- Born: Unknown 20 December 1983 (age 42)
- Origin: Japan
- Genres: Contemporary R&B, R&B
- Occupation: Singer
- Years active: 2003–present
- Labels: Red Alert Records (2002–2004) Atlantic Japan (2005–2006) Grand Trax(2008–)
- Website: http://www.yoshika.info/

= Yoshika (singer) =

Japanese singer (born 1983)

Yoshika (ヨシカ) is a Japanese singer, who sings mainly with R&B influences. Her major label debut album, Timeless, was released in January 2006.

==Biography==
Yoshika spent much of her youth in Canada and the United States, studying at a high school in Modesto, California and influenced by American R&B.
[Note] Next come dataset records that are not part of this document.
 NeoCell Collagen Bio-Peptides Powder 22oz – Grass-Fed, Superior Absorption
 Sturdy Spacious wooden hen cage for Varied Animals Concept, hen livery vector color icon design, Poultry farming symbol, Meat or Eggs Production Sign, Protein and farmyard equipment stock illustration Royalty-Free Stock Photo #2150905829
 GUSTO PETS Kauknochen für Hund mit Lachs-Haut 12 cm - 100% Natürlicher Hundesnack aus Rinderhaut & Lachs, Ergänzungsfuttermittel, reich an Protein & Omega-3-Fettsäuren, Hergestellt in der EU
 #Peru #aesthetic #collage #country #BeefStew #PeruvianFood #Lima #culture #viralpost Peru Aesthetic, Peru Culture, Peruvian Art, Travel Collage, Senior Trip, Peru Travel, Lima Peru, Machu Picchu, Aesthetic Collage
Influenced by Common (rapper), India.Arie, and Jill Scott, she returned to Japan at the age of 18. She recorded a song titled "Jolie" for a TV commercial which was picked up for release, leading to her meeting Japanese Hip-Hop producers m-flo. For her major label debut "Timeless" on Atlantic Records she intended to bring a strong sense of American R&B to a new Japanese scene led by Double (singer), Heartsdales, and Bennie K.
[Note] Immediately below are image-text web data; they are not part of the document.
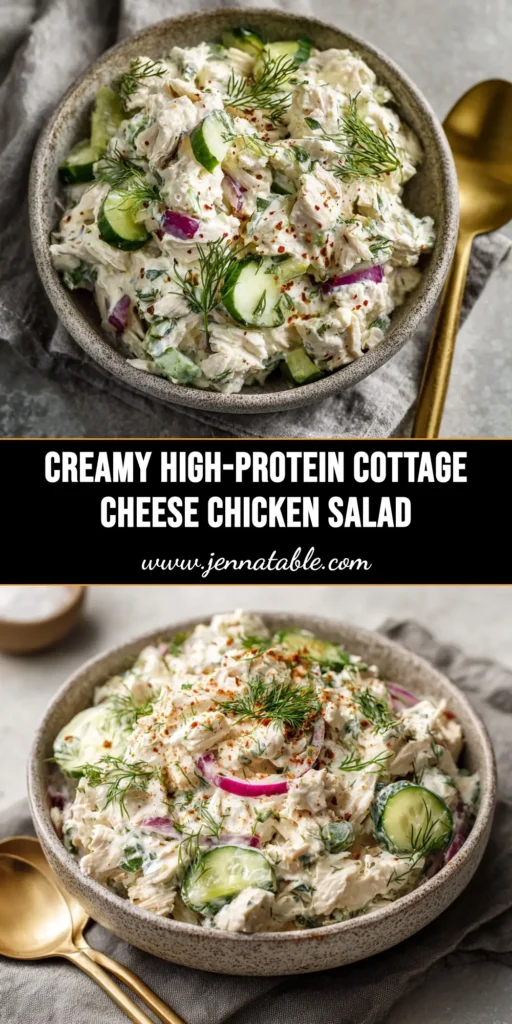 A serving of creamy cottage cheese chicken salad in a white bowl, garnished with fresh dill. This high-protein, no-mayo recipe is perfect for a healthy lunch.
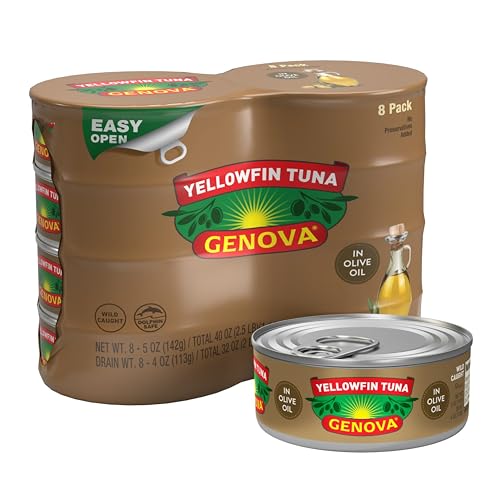 Genova Premium Yellowfin Tuna in Olive Oil, 5 Ounce Cans, 8-Pack – Nutrient Rich, High Protein Canned Tuna Fish - Delicious, Easy, Nutritious Ready to Eat Meals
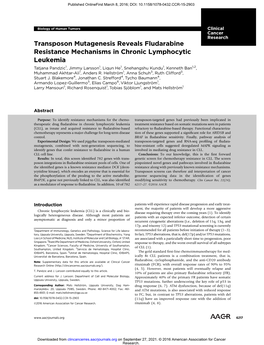 Transposon Mutagenesis Reveals Fludarabine Resistance Mechanisms in Chronic Lymphocytic Leukemia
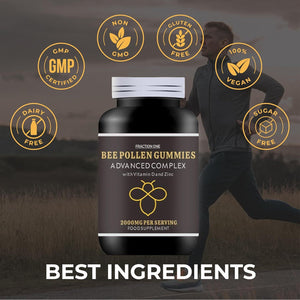 Fraction One Bee Pollen Gummies – 120 Gummies - 2000 Mg Bee Propolis with 100% NRV Vitamin D and Zinc per Serving – Vegan, Immune Boost, Anti-Inflammatory, Antiviral and Antibacterial –120 Days Supply
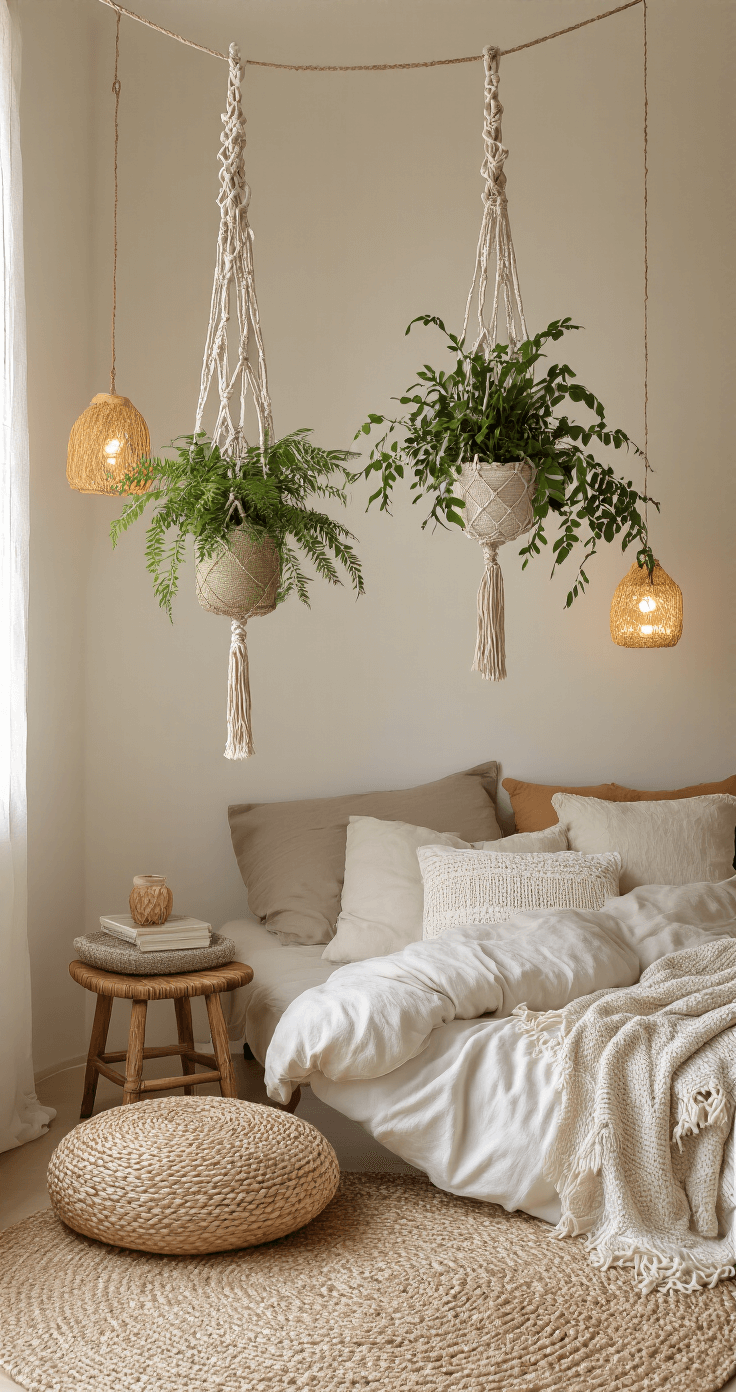 Binnenpotten: De Ultieme Gids voor Gezonde Kamerplanten Bohemian slaapkamer van 4x4m met macramƩ plantenhangers en varens in lichte plastic potten, verlicht met warmgele accenten in schemerlicht, genomen vanuit een Dutch angle. Kleurenpalet van ecru, zeegroen, roestbruin en roomwit.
Shortly after the release, on 24 May 2006, Yoshika announced on her official website that she was pregnant and that she would halt her career to get married. She returned on 24 December 2008 with the release of a new album, World, on a new label, Grand Trax. Her latest original album, Redwood Tree was released on 13 January 2010, with a live album, "I Sing -Live Best-" following two months later.

==Discography==
===Original albums===
- STRAIGHT AHEAD (2003)
- Timeless (2006)
- World (2008)
- REDWOOD TREE (2010)
- YOSHIKA (2015)
- In Such Darkness (2019)
- Deep Forest (2025)

==Other albums==
- I Sing -Live Best- (2010)
- Strongly in Life (2010) (digital EP)
- About a Beautiful Mistake (2018) (digital EP)

===Singles===
- Jolie (2003)
- Let Go (m-flo loves Yoshika) (2004)
- Call Me (2005)
- Just Us (2005)
- Stand Up (2008)
- Touch (2008) (digital single)
- X'mas Surprise! (2008) (digital single)
- Quiet Talk (2021) (digital single)
- Center Of My Heart (2022) (digital single)

===DVD / VHS===
- [2006.02.22] m-flo – m-flo Tour 2005 Beat Space Nine at Nippon Budokan ("Taste Your Stuff," "Loop in My Heart," "tO yOUR bEAT," "Let Go")

===Collaborations===
- [2003.03.26] CM Style – Sony CM Tracks – "Jolie"
- [2004.11.17] m-flo – "Let Go"
- [2005.02.23] m-flo – "Dopamine" ("tO yOUR bEAT")
- [2005.07.13] m-flo – "Loop in My Heart / Hey!" ("Loop in My Heart"; "Let Go" (Reggae Disco Rockers Remix))
- [2005.08.24] m-flo – "Beat Space Nine" ("Loop in My Heart"; "tO yOUR bEAT"; "Let Go")
- [2005.11.02] m-flo – "Dope Space Nine" ("Loop in My Heart" (Home Grown Remix); "tO yOUR bEAT" (Gagle re-treatment remix); "Let Go" (Reggae Disco Rockers Remix))
- [2006.02.22] Tomita Lab – "Shiplaunching" (Shiawase no Blue [しあわせのBlue])
- [2006.05.24] Tommy Snyder – Kiraware Matsuko no Utatachi (Here, Always)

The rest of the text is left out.